====== Dataset ======

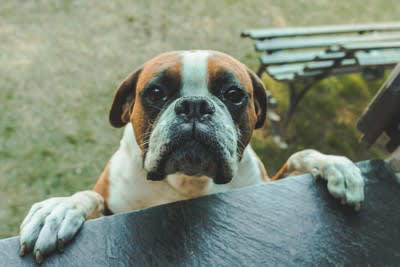 ️犬の目を見つめ続けてはいけない理由3つ, 1.威嚇だと捉えられてしまうため, 2.不安や恐怖心を与えてしまうから, 3.興奮させてしまう可能性がある, ️犬の目を見つめる際に注意すべきこと, 初対面の犬の目は見つめない, 目をそらされたら放っておく, じっと見つめ続けない
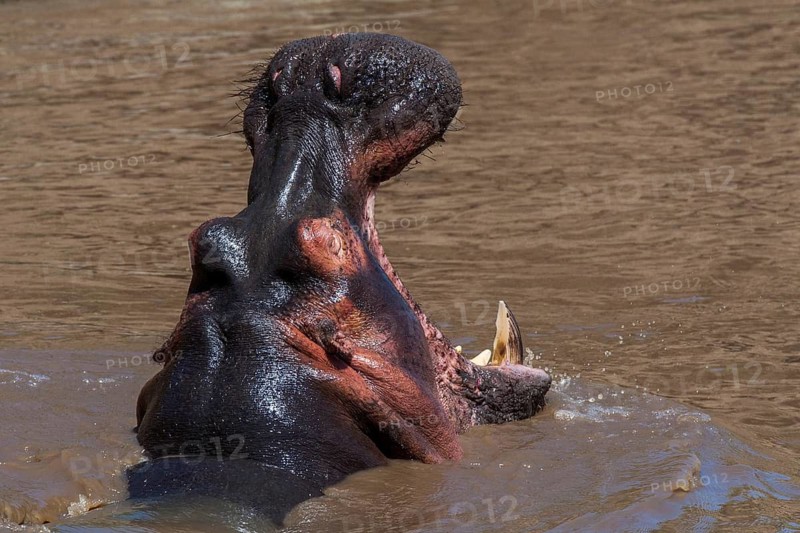 Hippo (Hippopotamus amphibius), South Africa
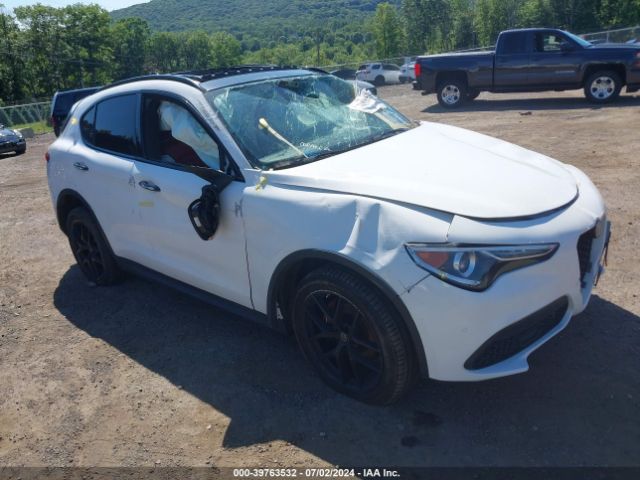 ALFA-ROMEO STELVIO 2019 zaspakbnxk7c52890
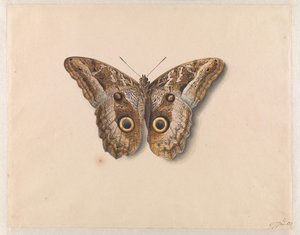 Eene kapel door Georgius Jacobus Johannes van Os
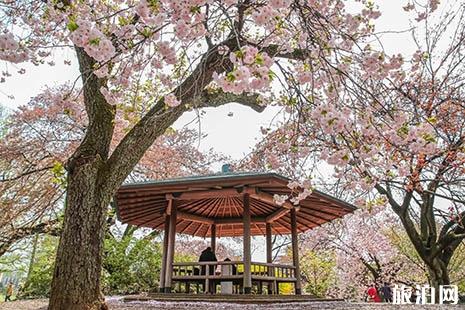 2022日本东京哪些地方可以看到樱花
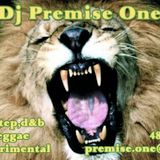 IRIE STEP_REGGAE/DUBSTEP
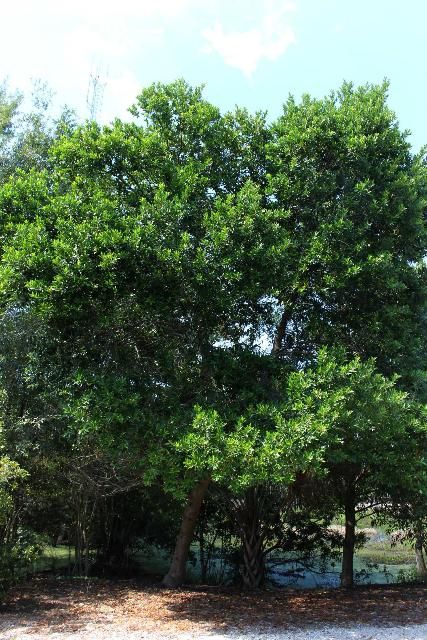 Figure 1. Full Form - Prunus caroliniana: cherry-laurel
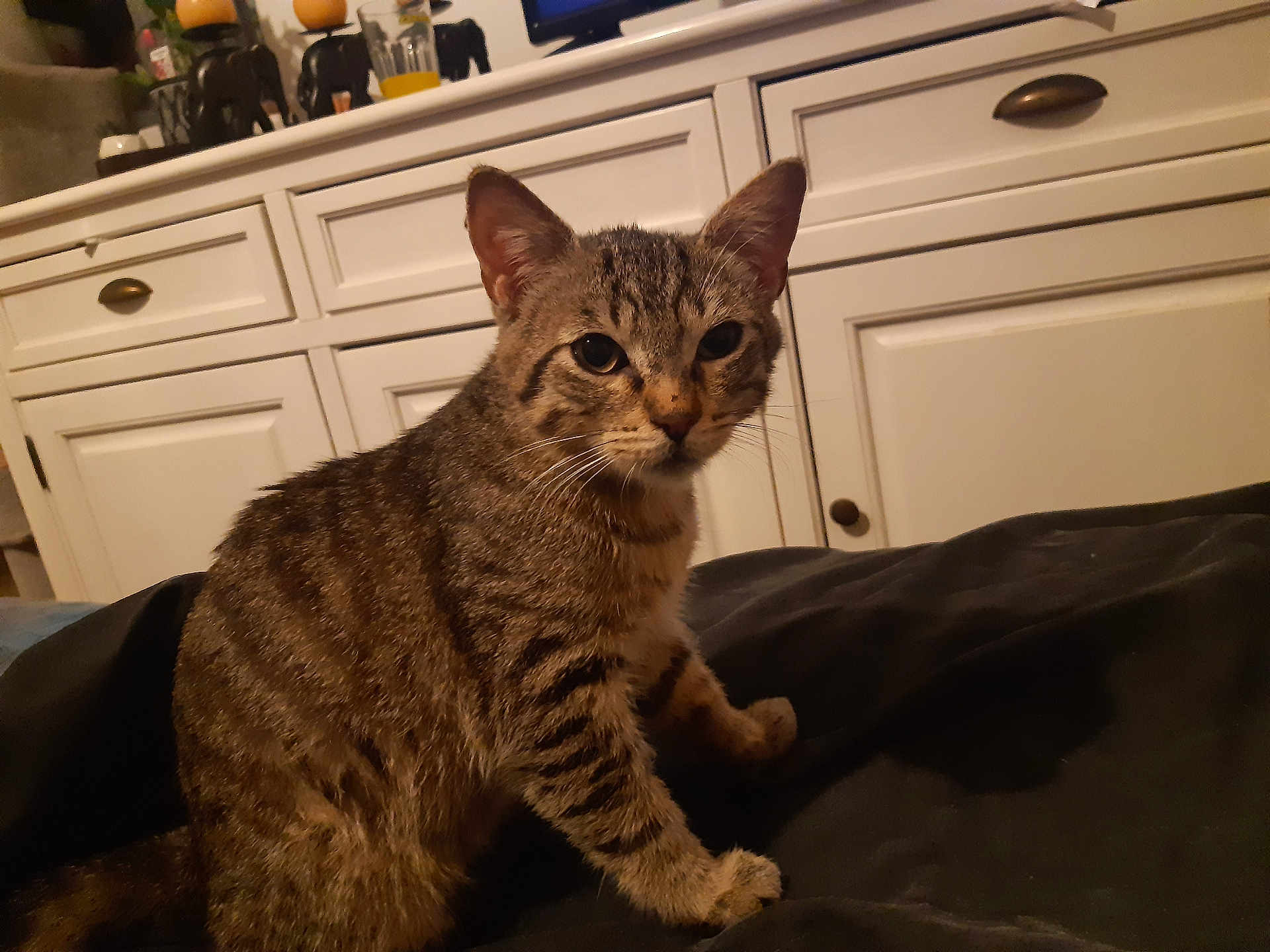Samy a rejoint le concours — aidez-le/la à gagner de superbes lots ! cat, tabby_cat, indoor, furniture, cabinet, pet, animal, curious, whiskers, ears, fur, domestic_cat, household, closeup, mammal, cute, looking, sitting, brown, striped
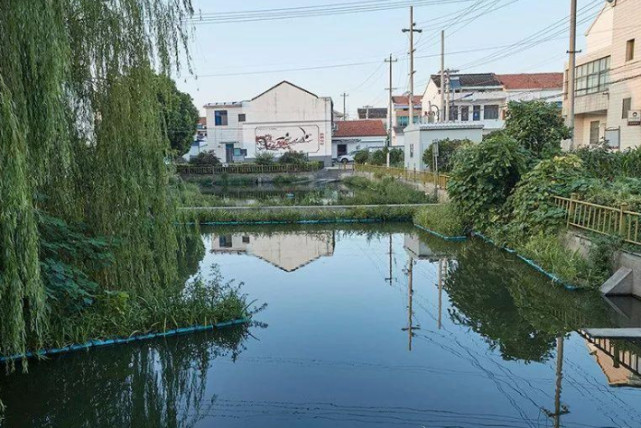 常州"副县级镇,2镇合并设立,4条省道过境,中医发达适合养老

======

Please return only the lines running from the line with "Samy a rejoint" to the final line of the data, both included, exactly and without any pictures.

Samy a rejoint le concours — aidez-le/la à gagner de superbes lots ! cat, tabby_cat, indoor, furniture, cabinet, pet, animal, curious, whiskers, ears, fur, domestic_cat, household, closeup, mammal, cute, looking, sitting, brown, striped
 常州"副县级镇,2镇合并设立,4条省道过境,中医发达适合养老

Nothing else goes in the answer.